# Merged: Elite 8 GameThread Saturday



## Geaux Tigers (Apr 26, 2004)

*Elite Eight Gamethread - Saturday*

No gamethread for today?

Anyway...Im all hyped up for LSU - Texas. This is going to be a good game...

:banana: :vbanana: :banana: :vbanana:


----------



## Diable (Apr 26, 2005)

*GameThread #4 LSU vs #2 Texas 4:40 PM Sat 3/25*

*#4 LSU vs #2 Texas*​


----------



## Diable (Apr 26, 2005)

*Re: Elite Eight Gamethread - Saturday*

I was slack.If you had waited 30 seconds you would have seen one.


----------



## Geaux Tigers (Apr 26, 2004)

*Re: Elite Eight Gamethread - Saturday*

Well you can put it up and we can merge it...no worries you do make some great gamethreads...


----------



## Geaux Tigers (Apr 26, 2004)

*Re: Elite Eight Gamethread - Saturday*

:laugh: rival faction gamethreads...


----------



## Diable (Apr 26, 2005)

*Re: Elite Eight Gamethread - Saturday*

Only when I feel like it.It would have been a nicer gamethread if Duke was playing.


----------



## Geaux Tigers (Apr 26, 2004)

*Re: Elite Eight Gamethread - Saturday*



Diable said:


> Only when I feel like it.It would have been a nicer gamethread if Duke was playing.


Thats cold hearted...


----------



## Geaux Tigers (Apr 26, 2004)

*Re: Elite Eight Gamethread - Saturday*

PJ Tucker might be hurt, I dont know the extent but it looks like a hand/wrist injury...


----------



## LionOfJudah (May 27, 2003)

*Re: Elite Eight Gamethread - Saturday*

Looks like the refs aren't calling any of the hacking and reaching but don't bump the ball handler...


----------



## LionOfJudah (May 27, 2003)

*Re: Elite Eight Gamethread - Saturday*



Diable said:


> Only when I feel like it.It would have been a nicer gamethread if Duke was playing.


 Whats the fun of that? There were more middle class white kids crying over the Duke game than their were for Eminem calling it quits.


----------



## LionOfJudah (May 27, 2003)

*Re: Elite Eight Gamethread - Saturday*

The Kid for the Rock in the game... Go AJ way brick :sigh:


----------



## Geaux Tigers (Apr 26, 2004)

*Re: Elite Eight Gamethread - Saturday*

What an alley oop by Tyrus Thomas! Damn!


----------



## Geaux Tigers (Apr 26, 2004)

*Re: Elite Eight Gamethread - Saturday*



Jsimo12 said:


> PJ Tucker might be hurt, I dont know the extent but it looks like a hand/wrist injury...

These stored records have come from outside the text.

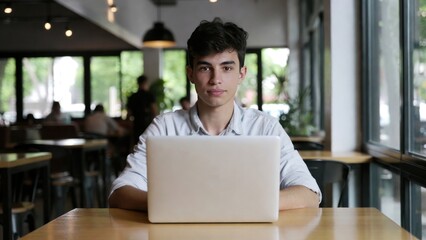 Young hispanic male working on laptop in modern cafe.
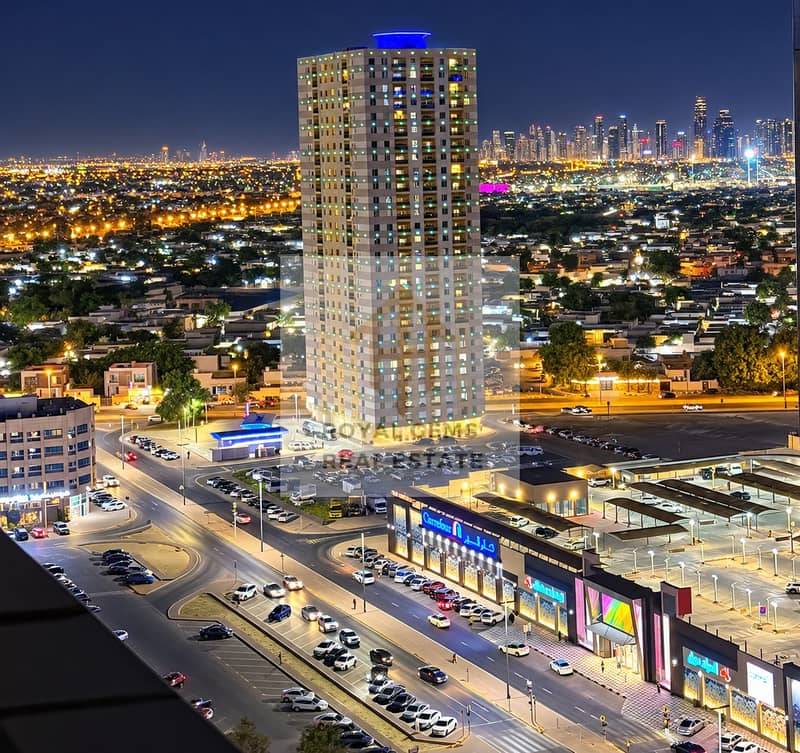 2 Blue-Crowned Tower Over City Lights. png
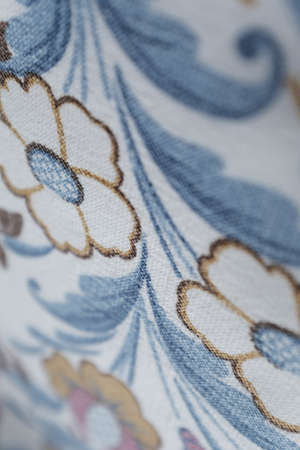 A closeup shot of textured fower patterned wallpaper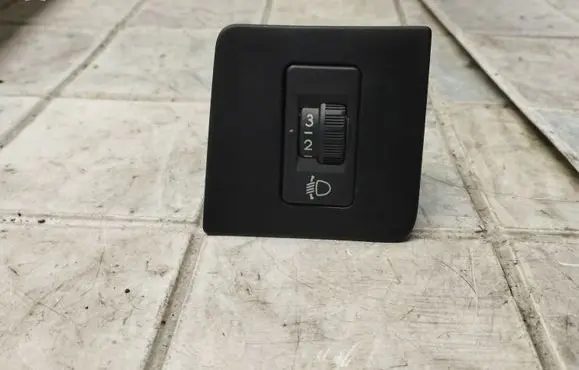 Headlight level height control switch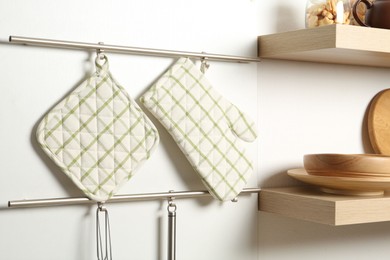 Photo of Oven glove and potholder hanging on metal rack in kitchen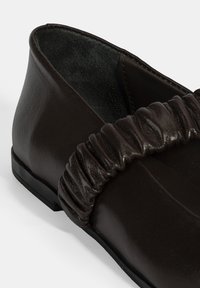 Dunkelbraunes Leder-Schuhwerk mit einem gerafften Textur an der Oberseite, glatter Oberfläche und einer niedrigen schwarzen Sohle.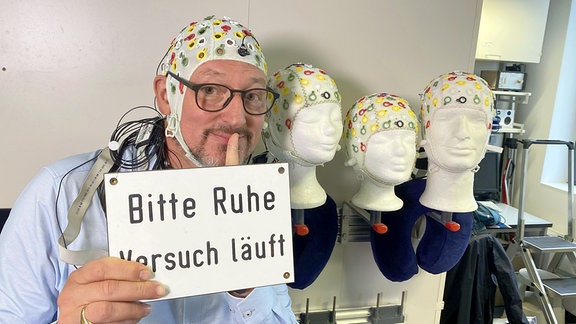 Ein Mann hält ein Schild: "Bitte Ruhe -- Versuch läuft."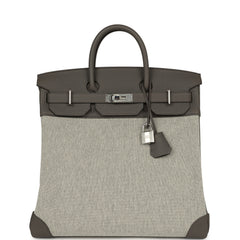 Hermès Birkin HAC 40, showing Etain Togo leather, Ecru-Black Toile H canvas, palladium hardware, and grey leather corners.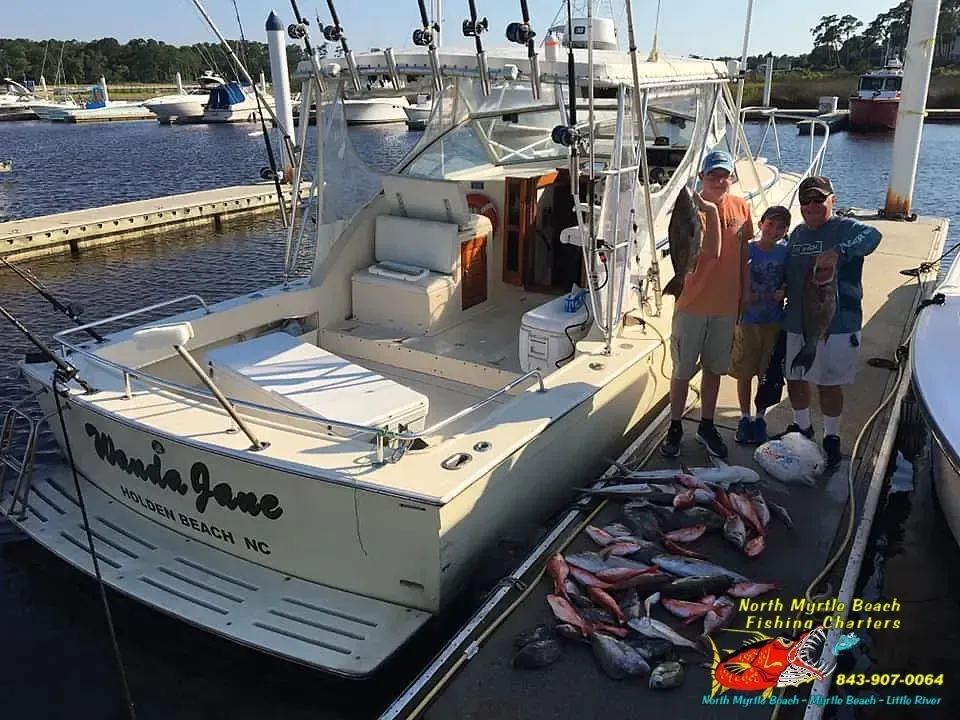 Fishing boat at dock with several people and a large pile of caught fish on the deck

He's back in the game and it looks fine...


----------



## LionOfJudah (May 27, 2003)

*Re: Elite Eight Gamethread - Saturday*

How many times are they going to let LSU slap at the ball like that before they call something?


----------



## ATLien (Jun 18, 2002)

*Re: GameThread #4 LSU vs #2 Texas 4:40 PM Sat 3/25*



I should be at this game!!! Stupidass friend


----------



## Geaux Tigers (Apr 26, 2004)

*Re: Elite Eight Gamethread - Saturday*

:laugh: at Tyrus bopping Buckman on the head and running away...


----------



## LionOfJudah (May 27, 2003)

*Re: Elite Eight Gamethread - Saturday*

Like how you quoted yourself on that one. 

LSU's giving Texas hell on D and LSU isn't hitting anything against the Horn's D.. Looks like its going to stay close the whole game if this keeps up


----------



## Geaux Tigers (Apr 26, 2004)

*Re: Elite Eight Gamethread - Saturday*



stevemc said:


> Like how you quoted yourself on that one.
> 
> LSU's giving Texas hell on D and LSU isn't hitting anything against the Horn's D.. Looks like its going to stay close the whole game if this keeps up


Brady seriously is the most inept coach when it comes to Zone offense. Watch how his guards just pass it around the perimeter until its late in the shot clock then panic. You have to get in the gaps of a zone and penetrate and kick out. Or go behind the zone and pass to the short corner. Either way LSU just plays hot potato around the perimeter and its been the same all season...


----------



## LionOfJudah (May 27, 2003)

*Re: Elite Eight Gamethread - Saturday*



Jsimo12 said:


> :laugh: at Tyrus bopping Buckman on the head and running away...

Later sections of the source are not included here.